Pilot valves 63 and 64 combined with pilot valves 67 and 68 control check valves 69B and 71B to extend and retract blade B. Pilot valves 65 and 66 combined with pilot valves 67 and 68 control check valves 69C and 71C to extend and retract blade C.

The solenoid-controlled pilot valves may be activated in response to signals sent by the control unit 24. The control unit is supplied with information about the rotational speed of the pump, the temperature, blade position and inclination of the tool and may be programmed to use these inputs to control the pilot valves and hence the tool face and offset of the tool.

As shown in FIG. 4 the stabiliser valve may be controlled by a sensor 50 which relies on the movement of three ball bearings 51. Each ball bearing is located in a slightly inclined slot or ball bearing track 52, and each ball bearing track is aligned with a stabiliser blade 27. The action of gravity on any one of the ball bearings 51 will cause it to roll to the lowest point inside the ball bearing track. If the ball bearing settles at one end of the track it will form a link in a hydraulic solenoid (not shown), and if it settles at the other end of the track it will not form such a link. The hydraulic solenoid is the device which powers the extension and retraction of the blades. This electronic, hydraulic or mechanical sensor is intended for use in the variable stabiliser of the present invention when such a stabiliser is used to control vertical drilling by the BHA.

When the stabiliser is used for this purpose with the sensor 50 described above, there should be appropriate timers in the system, e.g., electronic or hydraulic timers. The hydraulic timers are also solenoids. The first timer will allow the ball bearings to re-set themselves approximately one minute after the rotation of the drill string has ceased. This is achieved by spring loading a piston with a bleed hole. The piston is exposed to the pressure from the hydraulic pump.
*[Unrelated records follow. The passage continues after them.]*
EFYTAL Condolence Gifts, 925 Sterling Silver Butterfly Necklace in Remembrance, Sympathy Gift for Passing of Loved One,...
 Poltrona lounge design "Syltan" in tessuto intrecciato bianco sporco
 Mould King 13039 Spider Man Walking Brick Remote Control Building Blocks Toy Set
When the drill string rotation ceases the pump will stop allowing the spring loaded piston to bleed. As it bleeds it will deactivate the hydraulic solenoid and allow the ball bearings to settle in their new position before re-activating the hydraulic solenoid again.

The second hydraulic timer is used to de-activate the complete system in preparation for pulling out of the hole. It is also a spring loaded piston with a bleed hole, which blocks the high pressure line to the blades, and opens a line to the low pressure reservoir.

The control unit 24 therefore comprises an electric power source, a means for counting the number of revolutions of the mandrel 2 in a given time frame to assess whether the drillstring is rotating, and a means to trigger the hydraulic switches at the correct time, and an the correct order if so required.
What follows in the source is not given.